While some Trump critics are shocked by the order to temporary halt to the resettlement program — the arrival of thousands into the United States could be postponed — they do not seem equally outraged by the terrible conditions millions of refugees face in their own regions. Refugees don't want handouts; they want jobs, as attested by refugee scholars, activists, U.N. officials such as UNHCR chief Filippo Grandi, and refugees themselves. Above all, most refugees state clearly that they want to return home as soon as possible. A new refugee strategy is in order for today's refugees, who are "overwhelmingly fleeing mass disorder rather than state persecution," according to Oxford economist Paul Collier, who recommends that refugees live in a "haven that is proximate, so that it is easy to reach and from which it is easy to return once a conflict ends."

A development-based policy (rather than a resettlement-based one) could give millions autonomy and opportunity and render them better equipped to rebuild their post-war countries. UNHCR is a humanitarian agency rather than an organization with economic competence, and it is not equipped to meet the true needs of refugees. That would explain why 90 percent of refugees "ignore it," according to Collier, and choose not to stay in camps. Refugees' "top priority is not food and shelter," Collier said in a recent interview. "If you're going to be a refugee for some years, your top priority is the ability to earn a living." Economic agencies such as the World Bank, various NGOs, and businesses— which are far better equipped to provide training and job opportunities — should step in.
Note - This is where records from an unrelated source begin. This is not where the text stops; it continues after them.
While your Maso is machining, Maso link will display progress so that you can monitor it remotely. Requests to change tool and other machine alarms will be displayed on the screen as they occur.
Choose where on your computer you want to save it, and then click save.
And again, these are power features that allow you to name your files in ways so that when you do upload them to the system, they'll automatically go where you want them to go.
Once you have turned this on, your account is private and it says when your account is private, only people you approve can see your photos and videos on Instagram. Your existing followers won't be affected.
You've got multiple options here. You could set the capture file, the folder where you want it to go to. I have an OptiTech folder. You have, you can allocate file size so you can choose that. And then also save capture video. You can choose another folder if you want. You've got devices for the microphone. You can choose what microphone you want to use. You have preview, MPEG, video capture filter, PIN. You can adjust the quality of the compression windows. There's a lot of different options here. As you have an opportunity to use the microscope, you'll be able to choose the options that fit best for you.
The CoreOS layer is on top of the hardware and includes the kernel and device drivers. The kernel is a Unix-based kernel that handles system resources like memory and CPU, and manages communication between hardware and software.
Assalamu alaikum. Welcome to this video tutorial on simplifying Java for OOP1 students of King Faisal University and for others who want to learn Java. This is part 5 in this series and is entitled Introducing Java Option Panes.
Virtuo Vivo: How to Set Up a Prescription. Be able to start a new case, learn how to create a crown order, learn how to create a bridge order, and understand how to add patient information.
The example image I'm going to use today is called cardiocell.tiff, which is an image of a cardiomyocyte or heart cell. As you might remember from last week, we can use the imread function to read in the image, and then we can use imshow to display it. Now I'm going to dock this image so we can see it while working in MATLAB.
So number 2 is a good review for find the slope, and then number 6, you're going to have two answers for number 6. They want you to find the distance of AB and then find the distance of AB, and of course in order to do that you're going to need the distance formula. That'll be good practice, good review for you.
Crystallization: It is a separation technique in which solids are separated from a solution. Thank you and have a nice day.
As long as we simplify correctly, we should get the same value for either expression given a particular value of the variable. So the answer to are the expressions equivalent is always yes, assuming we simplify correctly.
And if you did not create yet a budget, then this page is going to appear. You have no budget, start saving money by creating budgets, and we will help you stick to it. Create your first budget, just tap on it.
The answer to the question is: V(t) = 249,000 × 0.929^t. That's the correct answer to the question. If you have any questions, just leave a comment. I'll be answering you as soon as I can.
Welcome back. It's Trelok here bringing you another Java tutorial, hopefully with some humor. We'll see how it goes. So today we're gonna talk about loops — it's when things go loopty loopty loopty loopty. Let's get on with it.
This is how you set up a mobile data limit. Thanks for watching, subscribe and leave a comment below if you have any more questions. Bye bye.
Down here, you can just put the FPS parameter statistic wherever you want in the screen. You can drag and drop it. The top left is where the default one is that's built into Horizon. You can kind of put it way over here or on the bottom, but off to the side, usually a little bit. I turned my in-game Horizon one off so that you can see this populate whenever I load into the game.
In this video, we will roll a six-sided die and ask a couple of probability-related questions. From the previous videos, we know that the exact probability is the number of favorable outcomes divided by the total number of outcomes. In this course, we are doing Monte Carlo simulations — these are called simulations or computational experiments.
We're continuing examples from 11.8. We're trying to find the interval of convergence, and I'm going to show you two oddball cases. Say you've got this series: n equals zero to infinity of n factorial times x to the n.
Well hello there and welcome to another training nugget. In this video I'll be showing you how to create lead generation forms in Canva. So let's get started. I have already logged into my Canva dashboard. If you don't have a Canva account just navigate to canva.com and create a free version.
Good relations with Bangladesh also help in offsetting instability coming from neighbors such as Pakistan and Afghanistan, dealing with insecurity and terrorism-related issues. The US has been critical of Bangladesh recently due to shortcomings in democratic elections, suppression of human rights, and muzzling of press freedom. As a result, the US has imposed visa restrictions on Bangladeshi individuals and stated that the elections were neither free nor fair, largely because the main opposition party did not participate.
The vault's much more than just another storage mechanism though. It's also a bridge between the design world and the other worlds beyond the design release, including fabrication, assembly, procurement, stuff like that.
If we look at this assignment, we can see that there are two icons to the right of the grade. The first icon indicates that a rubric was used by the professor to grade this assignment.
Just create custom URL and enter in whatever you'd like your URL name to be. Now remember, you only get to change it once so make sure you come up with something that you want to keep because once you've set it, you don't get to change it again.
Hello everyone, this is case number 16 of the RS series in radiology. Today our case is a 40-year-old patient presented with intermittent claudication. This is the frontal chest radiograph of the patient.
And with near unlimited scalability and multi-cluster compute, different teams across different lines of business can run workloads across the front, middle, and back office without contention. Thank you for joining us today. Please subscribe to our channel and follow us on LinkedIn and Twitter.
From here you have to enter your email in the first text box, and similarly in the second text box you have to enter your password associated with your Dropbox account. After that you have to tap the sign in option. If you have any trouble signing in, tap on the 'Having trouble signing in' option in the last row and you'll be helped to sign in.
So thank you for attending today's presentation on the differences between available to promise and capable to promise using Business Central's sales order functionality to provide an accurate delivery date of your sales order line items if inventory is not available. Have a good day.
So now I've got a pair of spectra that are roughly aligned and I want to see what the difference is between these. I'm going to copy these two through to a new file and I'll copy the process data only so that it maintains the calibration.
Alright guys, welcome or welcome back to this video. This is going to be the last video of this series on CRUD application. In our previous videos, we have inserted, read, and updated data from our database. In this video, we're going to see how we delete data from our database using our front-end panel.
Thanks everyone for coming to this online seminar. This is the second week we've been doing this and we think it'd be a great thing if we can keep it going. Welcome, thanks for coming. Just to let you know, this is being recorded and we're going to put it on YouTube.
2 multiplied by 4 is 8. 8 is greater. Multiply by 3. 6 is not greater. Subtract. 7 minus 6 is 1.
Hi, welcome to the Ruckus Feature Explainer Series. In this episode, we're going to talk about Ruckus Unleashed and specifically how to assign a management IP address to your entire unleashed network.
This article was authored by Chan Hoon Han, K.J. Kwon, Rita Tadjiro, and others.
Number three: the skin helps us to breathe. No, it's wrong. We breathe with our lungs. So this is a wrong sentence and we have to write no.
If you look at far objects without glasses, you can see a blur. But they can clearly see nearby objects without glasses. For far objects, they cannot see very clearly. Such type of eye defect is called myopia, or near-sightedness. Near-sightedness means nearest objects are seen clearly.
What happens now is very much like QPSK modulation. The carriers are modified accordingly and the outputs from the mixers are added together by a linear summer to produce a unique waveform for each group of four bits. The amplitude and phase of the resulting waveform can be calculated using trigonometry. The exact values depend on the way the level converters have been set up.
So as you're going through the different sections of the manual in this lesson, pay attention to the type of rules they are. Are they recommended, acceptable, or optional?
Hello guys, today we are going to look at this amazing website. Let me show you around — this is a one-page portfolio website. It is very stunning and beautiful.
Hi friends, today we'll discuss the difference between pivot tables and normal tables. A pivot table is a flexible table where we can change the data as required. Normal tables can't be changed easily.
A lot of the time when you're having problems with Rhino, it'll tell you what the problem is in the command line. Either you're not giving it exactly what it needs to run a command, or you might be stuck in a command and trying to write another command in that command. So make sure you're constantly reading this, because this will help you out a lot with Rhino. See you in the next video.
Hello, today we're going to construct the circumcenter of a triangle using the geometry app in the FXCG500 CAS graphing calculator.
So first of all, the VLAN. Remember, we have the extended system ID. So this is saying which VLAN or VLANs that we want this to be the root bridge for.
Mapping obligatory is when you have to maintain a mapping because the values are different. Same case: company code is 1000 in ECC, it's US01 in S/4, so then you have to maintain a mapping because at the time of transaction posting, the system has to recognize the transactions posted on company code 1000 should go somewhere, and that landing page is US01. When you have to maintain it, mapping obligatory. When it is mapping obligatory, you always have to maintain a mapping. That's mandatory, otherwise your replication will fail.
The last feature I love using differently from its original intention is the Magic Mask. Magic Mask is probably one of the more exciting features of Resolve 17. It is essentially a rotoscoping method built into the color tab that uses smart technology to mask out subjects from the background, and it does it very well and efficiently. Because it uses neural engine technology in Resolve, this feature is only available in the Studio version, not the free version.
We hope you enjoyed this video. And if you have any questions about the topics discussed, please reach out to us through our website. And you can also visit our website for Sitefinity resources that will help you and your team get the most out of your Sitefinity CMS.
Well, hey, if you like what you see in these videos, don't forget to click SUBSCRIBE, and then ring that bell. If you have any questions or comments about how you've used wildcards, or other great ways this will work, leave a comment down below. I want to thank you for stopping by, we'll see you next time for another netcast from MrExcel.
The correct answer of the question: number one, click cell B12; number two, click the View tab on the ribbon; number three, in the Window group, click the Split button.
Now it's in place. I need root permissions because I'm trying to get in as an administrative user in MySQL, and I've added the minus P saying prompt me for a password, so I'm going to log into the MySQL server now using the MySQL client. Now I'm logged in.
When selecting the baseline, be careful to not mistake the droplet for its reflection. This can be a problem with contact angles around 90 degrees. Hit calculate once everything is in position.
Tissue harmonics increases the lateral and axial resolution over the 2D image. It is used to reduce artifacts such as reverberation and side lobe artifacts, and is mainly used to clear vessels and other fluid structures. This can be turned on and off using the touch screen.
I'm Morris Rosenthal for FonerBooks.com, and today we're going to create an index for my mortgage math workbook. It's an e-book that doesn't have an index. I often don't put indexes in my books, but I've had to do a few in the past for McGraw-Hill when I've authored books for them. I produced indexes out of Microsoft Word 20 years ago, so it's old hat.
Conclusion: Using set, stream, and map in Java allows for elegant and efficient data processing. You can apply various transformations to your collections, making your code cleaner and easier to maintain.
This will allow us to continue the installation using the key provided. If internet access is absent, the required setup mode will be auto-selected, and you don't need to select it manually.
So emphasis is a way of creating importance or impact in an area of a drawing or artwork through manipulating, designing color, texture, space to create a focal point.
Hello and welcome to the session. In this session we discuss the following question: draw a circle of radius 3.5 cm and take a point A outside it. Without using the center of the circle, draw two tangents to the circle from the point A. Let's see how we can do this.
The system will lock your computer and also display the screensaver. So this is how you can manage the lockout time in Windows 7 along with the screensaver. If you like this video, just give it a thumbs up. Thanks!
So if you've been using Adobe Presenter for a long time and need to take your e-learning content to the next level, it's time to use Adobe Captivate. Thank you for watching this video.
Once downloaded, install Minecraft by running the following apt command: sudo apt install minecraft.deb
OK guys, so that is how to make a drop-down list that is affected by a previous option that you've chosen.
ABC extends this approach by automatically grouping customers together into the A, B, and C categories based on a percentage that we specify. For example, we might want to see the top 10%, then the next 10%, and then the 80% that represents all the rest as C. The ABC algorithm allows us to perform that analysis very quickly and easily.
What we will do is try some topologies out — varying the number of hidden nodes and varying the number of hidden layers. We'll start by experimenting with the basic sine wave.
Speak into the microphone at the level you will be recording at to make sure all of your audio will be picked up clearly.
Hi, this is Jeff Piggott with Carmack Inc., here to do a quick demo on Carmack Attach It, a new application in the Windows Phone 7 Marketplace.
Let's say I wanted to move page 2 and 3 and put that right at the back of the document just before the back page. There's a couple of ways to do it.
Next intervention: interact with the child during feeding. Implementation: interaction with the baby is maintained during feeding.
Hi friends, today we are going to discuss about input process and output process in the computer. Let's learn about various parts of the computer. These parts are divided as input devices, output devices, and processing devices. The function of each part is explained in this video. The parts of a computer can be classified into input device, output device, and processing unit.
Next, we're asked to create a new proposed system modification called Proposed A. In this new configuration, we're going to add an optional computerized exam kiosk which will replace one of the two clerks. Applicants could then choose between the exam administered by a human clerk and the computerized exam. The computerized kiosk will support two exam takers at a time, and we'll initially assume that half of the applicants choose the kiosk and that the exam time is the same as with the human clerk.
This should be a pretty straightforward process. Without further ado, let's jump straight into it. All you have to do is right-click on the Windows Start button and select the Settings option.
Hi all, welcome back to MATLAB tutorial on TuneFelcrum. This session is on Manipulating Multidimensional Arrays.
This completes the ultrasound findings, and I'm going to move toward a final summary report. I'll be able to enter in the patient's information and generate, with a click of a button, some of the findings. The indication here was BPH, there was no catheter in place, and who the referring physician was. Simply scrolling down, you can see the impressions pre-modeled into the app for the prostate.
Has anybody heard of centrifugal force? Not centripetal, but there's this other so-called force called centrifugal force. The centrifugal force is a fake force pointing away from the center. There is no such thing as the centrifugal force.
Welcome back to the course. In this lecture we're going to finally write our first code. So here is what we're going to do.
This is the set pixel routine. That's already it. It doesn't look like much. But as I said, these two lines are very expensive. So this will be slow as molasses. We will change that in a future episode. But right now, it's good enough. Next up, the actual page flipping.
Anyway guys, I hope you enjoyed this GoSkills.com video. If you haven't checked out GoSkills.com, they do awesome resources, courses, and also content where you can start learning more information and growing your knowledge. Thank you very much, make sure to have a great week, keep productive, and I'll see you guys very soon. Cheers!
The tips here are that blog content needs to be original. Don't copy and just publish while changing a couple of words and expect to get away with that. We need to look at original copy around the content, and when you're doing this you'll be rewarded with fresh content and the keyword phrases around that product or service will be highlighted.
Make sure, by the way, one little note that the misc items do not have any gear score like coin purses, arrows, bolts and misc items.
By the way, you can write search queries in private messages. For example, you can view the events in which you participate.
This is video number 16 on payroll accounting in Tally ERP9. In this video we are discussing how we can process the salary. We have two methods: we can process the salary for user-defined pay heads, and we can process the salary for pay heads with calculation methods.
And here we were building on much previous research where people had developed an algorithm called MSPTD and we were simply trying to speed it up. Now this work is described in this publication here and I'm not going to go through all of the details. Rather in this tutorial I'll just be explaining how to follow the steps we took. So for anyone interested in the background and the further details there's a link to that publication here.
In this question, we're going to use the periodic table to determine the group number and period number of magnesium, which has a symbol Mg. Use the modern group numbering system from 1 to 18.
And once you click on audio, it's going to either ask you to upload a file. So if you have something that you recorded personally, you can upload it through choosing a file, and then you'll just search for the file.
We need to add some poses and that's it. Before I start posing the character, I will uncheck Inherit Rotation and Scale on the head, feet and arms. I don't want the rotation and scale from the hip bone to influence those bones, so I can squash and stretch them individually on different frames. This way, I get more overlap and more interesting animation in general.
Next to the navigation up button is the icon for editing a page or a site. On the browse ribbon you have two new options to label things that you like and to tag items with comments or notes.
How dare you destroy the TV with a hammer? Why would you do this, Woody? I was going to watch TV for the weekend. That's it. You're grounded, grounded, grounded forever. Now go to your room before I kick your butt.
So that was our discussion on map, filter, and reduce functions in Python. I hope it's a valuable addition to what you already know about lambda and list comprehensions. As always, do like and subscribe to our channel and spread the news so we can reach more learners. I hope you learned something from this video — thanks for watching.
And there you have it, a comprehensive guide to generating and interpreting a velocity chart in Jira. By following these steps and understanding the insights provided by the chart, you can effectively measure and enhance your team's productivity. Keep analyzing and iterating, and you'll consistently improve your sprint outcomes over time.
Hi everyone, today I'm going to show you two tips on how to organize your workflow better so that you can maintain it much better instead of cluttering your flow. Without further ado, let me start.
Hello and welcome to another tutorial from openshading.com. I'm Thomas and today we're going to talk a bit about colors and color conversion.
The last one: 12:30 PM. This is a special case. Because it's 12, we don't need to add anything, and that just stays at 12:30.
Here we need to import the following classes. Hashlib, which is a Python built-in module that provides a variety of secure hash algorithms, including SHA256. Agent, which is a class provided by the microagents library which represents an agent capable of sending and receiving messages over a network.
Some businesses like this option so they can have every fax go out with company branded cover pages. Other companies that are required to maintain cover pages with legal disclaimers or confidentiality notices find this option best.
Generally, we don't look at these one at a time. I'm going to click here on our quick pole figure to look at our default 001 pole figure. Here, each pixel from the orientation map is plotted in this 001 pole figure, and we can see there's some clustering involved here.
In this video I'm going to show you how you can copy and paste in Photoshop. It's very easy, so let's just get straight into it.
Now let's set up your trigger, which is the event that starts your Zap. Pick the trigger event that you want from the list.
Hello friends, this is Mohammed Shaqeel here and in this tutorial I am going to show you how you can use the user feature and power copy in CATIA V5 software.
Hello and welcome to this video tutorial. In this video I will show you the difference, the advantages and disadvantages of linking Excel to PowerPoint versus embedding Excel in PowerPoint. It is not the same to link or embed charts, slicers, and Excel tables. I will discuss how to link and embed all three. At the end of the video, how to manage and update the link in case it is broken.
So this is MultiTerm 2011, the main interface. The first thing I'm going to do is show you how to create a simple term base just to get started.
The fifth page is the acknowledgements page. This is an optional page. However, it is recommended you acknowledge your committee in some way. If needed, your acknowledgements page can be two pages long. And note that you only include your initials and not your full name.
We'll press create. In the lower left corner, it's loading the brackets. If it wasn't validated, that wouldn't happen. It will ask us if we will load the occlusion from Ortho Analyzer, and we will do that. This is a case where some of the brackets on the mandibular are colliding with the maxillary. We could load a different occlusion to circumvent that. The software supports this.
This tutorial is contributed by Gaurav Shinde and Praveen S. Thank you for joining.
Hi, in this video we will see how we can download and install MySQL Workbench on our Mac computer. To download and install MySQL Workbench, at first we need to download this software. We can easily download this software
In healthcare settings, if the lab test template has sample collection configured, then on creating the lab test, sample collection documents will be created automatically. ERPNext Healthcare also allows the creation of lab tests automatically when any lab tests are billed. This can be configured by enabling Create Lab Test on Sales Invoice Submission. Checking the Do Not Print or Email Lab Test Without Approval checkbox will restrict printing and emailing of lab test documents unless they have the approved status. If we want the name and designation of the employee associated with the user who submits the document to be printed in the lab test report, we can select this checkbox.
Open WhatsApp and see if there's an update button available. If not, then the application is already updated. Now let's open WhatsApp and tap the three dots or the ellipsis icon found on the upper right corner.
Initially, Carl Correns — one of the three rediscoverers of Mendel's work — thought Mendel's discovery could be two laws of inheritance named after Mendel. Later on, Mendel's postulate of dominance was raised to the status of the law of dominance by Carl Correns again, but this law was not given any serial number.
The United States is the world's biggest donor to the UNHCR. The new administration can encourage development-based initiatives that empower refugees close to their homes and redirect some (if not most) of the U.S. funding for that purpose. Current refugee programs often fail the very people they were meant to protect. A better refugee system would put more emphasis on helping refugees where they are while working to end conflicts and eventually secure the refugees' safe return to their homelands — though this may require years of effort. It could also provide better and longer-term help to those who have no choice but to be resettled here, making sure that they integrate successfully into American culture and that their wounds (mental and physical) are largely healed.

Bottom line: Stop using the refugee-resettlement program as a political tool, a fund-raiser, or a conscience alleviator. Choosing to resettle just a few out of millions of refugees in similar circumstances is not praiseworthy. Helping refugees help themselves, whether here or there, is the right thing to do.